Work to complete: With the pictures left aside, write out exactly the lines of the listing below from the line with "A N FASHION FACTORY PHOTO LEXCOT" to the line with "Black French Art", both included, and only those.

Material provided:
>>>>>

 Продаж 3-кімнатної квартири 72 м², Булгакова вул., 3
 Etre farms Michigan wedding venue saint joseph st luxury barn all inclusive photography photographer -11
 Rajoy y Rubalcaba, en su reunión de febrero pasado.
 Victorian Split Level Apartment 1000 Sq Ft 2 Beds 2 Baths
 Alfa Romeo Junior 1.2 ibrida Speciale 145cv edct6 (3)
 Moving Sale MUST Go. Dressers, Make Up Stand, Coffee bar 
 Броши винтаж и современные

<<<<<
>>>>>

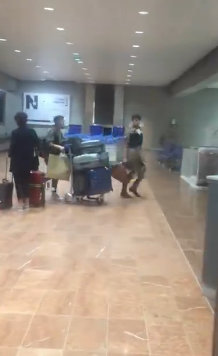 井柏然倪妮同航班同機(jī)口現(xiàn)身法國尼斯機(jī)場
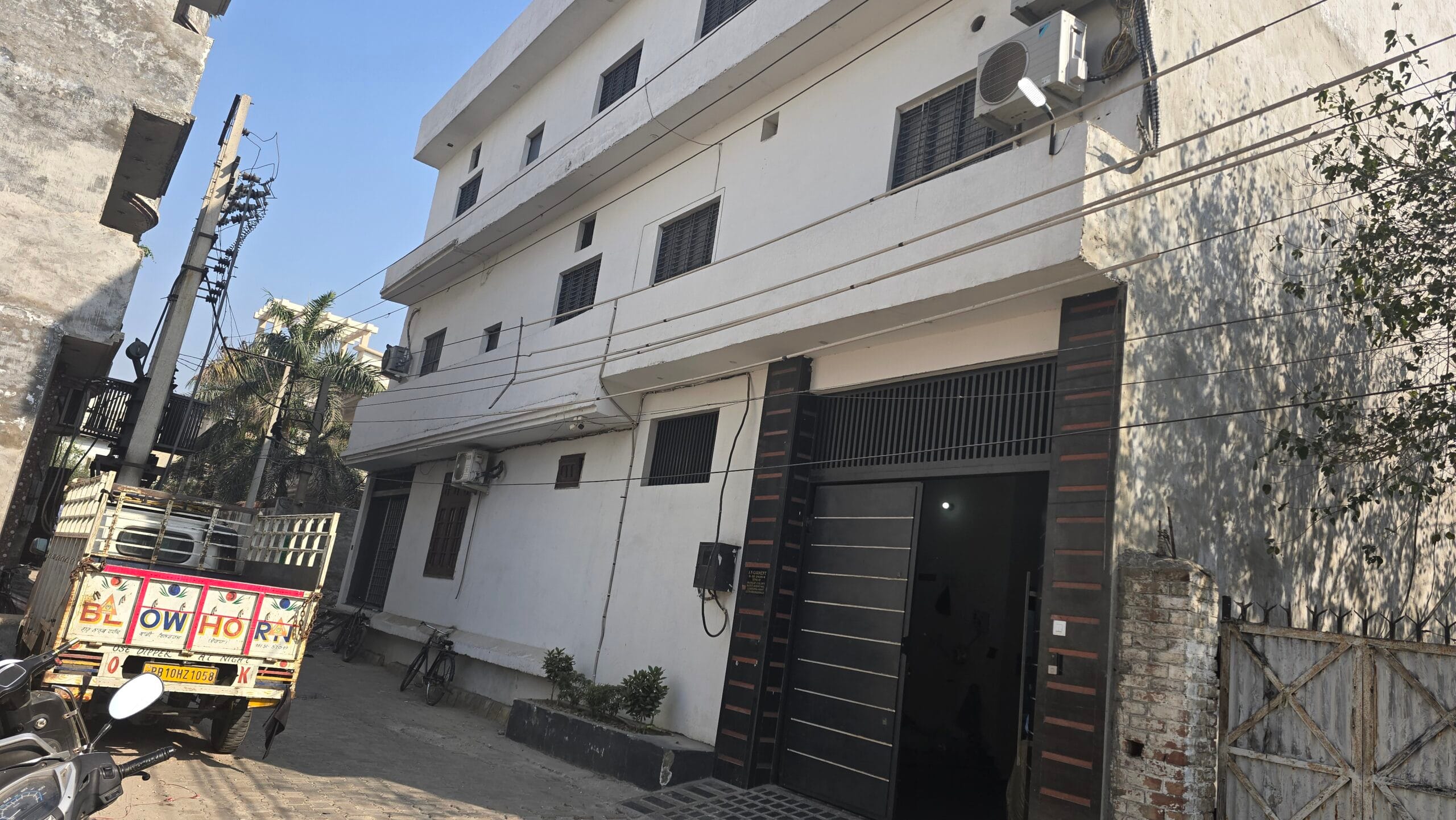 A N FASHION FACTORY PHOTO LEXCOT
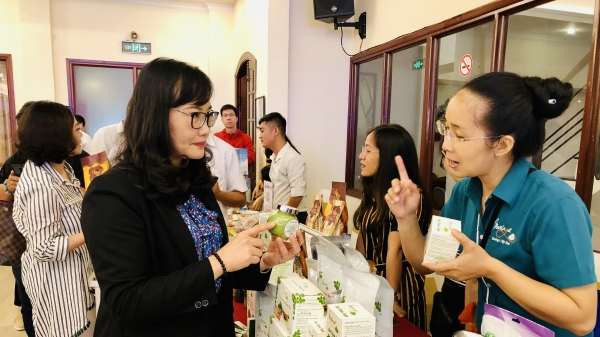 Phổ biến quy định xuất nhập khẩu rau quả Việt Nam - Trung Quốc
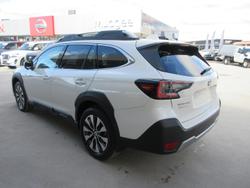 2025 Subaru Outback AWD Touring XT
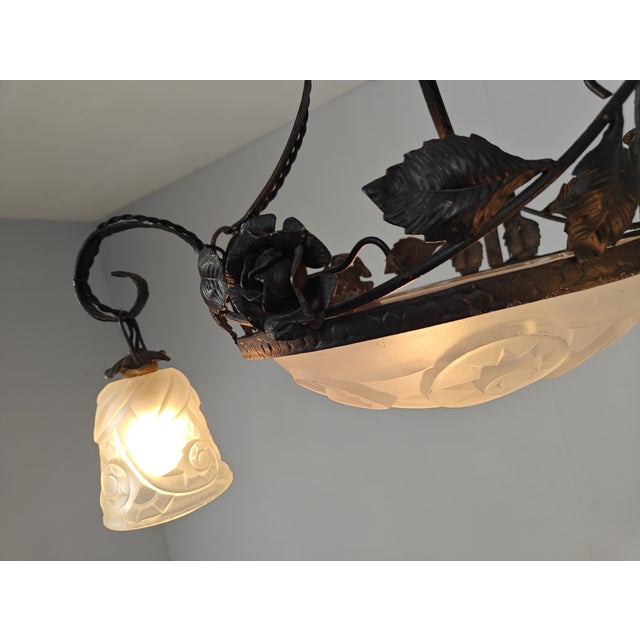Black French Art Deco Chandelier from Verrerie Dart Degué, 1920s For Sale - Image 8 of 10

<<<<<
>>>>>

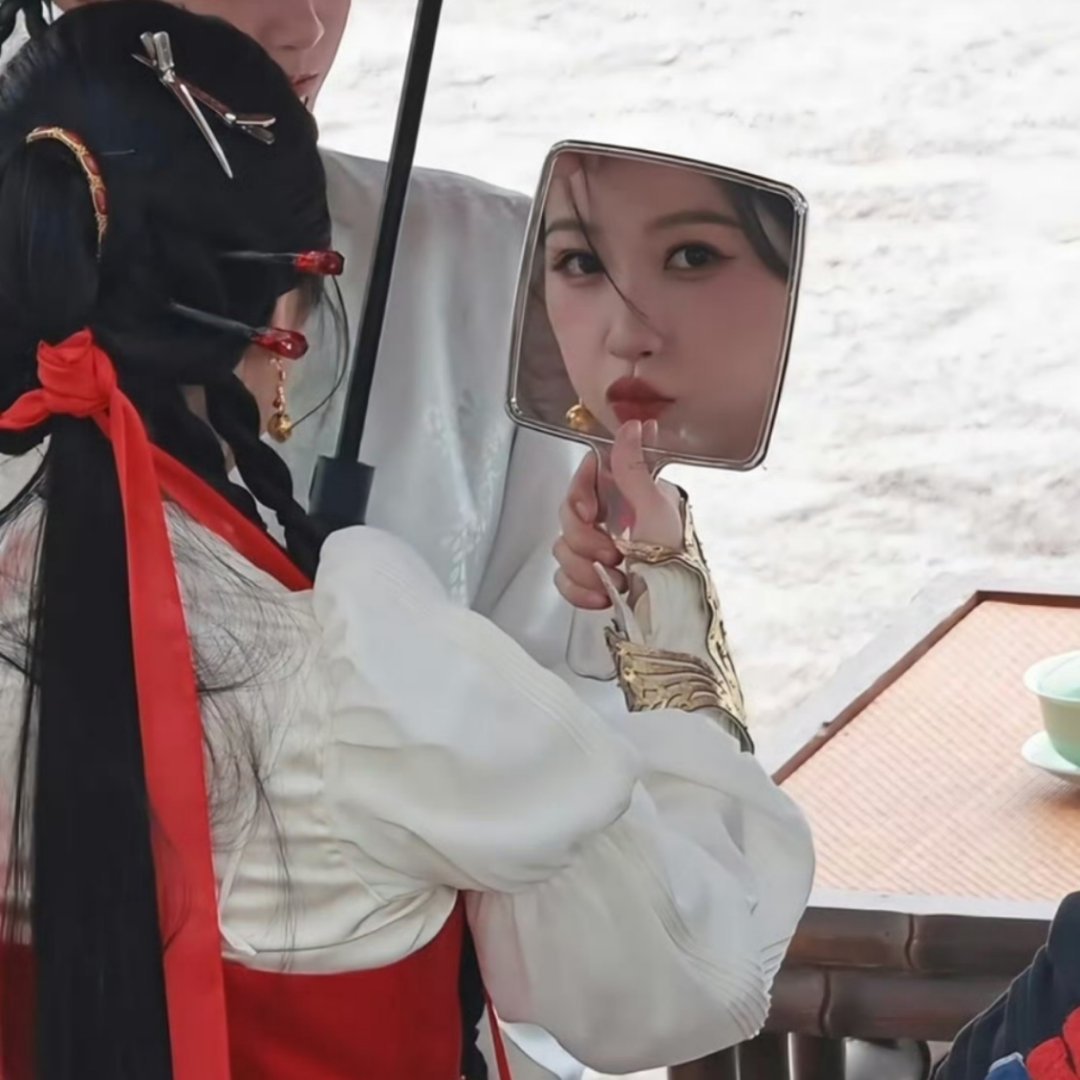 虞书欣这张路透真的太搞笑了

<<<<<

Answer box:
 A N FASHION FACTORY PHOTO LEXCOT
 Phổ biến quy định xuất nhập khẩu rau quả Việt Nam - Trung Quốc
 2025 Subaru Outback AWD Touring XT
Black French Art Deco Chandelier from Verrerie Dart Degué, 1920s For Sale - Image 8 of 10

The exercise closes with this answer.